Anniversaires, anniversaires, vous avez dit bon anniversaire…
Naissance, mort : à partir de cinquante ans de distance, multiplié par deux, par trois, quatre, cinq (et plus si affinité et ancienneté !), on célèbre, on commémore, on édite, réédite, enregistre, diffuse… Certains se transforment en pôles d’attraction drainant des foules aux œufs d’or, le plus lucratif étant le cher et divin Wolfgang Amadeus qui, n’ayant vécu que 35 ans, eut l’honneur d’être fêté deux fois en un peu plus d’un quart de siècle et rapporta gros. L’année 2006 fut pour les marchands de toutes sortes – livres, disques, et chocolats – une année bénie par les dieux de la musique. Mozart, il est vrai, reste un cas d’exception. Sans rival en termes de chiffres. Bach (1685-1750) et Beethoven (1770-1827) pourraient s’avérer fructueux mais leurs années de jubilé sont encore bien lointaines. Qu’en sera-t-il de 2008 ? Pour la France, et pas seulement pour elle, l’année se conjuguera sous le verbe de Messiaen. Les festivités internationales n’ont d’ailleurs pas attendu le jour J – 10 décembre 2008 – pour entonner ses chants de gloire. Avant Paris, qui inaugure ses céébrations le 7 janvier aux Bouffes du Nord, Zurich, Berlin, Portsmouth, Essen, Leipzig lui ont tiré leur coup de chapeau dès décembre. Le Canada, la Hollande, l’Espagne, la Belgique suivent au coude à coude en janvier… Il y en aura pour toutes les oreilles, nous en reparlerons largement ici même… Toutes ces pieuses réjouissances feront-elles vendre par bacs entiers des Turangalîla Symphonies, des Quatuors pour la fin du temps, ou des Vingt regards sur l’enfant Jésus multipliés par quelques milliers de paires d’yeux ?
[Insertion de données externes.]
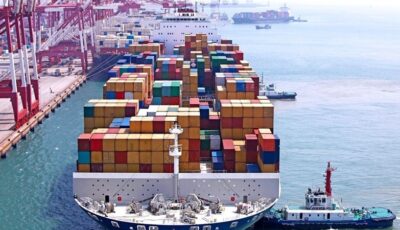 إفريقية النواب تطالب بإطلاق منصة رقمية لربط مصر بأسواق القارة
Va-t-il, notre Messiaen qui est aux cieux, éclipser tous les autres jubilaires de cette cuvée 2008 ? Karajan, né la même année, trouvera sans aucun doute une armée d’adorateurs pour souffler sa centaine de bougies. Maria Malibran qui aurait 200 printemps en ce printemps, a bien de la chance puisque Cécilia Bartoli en a déjà ressuscité la légende il y a 4 mois avec un disque et une expo itinérante. Que fera l’Italie pour son bien aimé Puccini de 150 ans d’âge ? Ou la Belgique pour son Eugène Isaÿe du même cru ? Le violon du Liégeois pourra-t-il tendre un archet conciliateur entre Wallonie et Flandres ?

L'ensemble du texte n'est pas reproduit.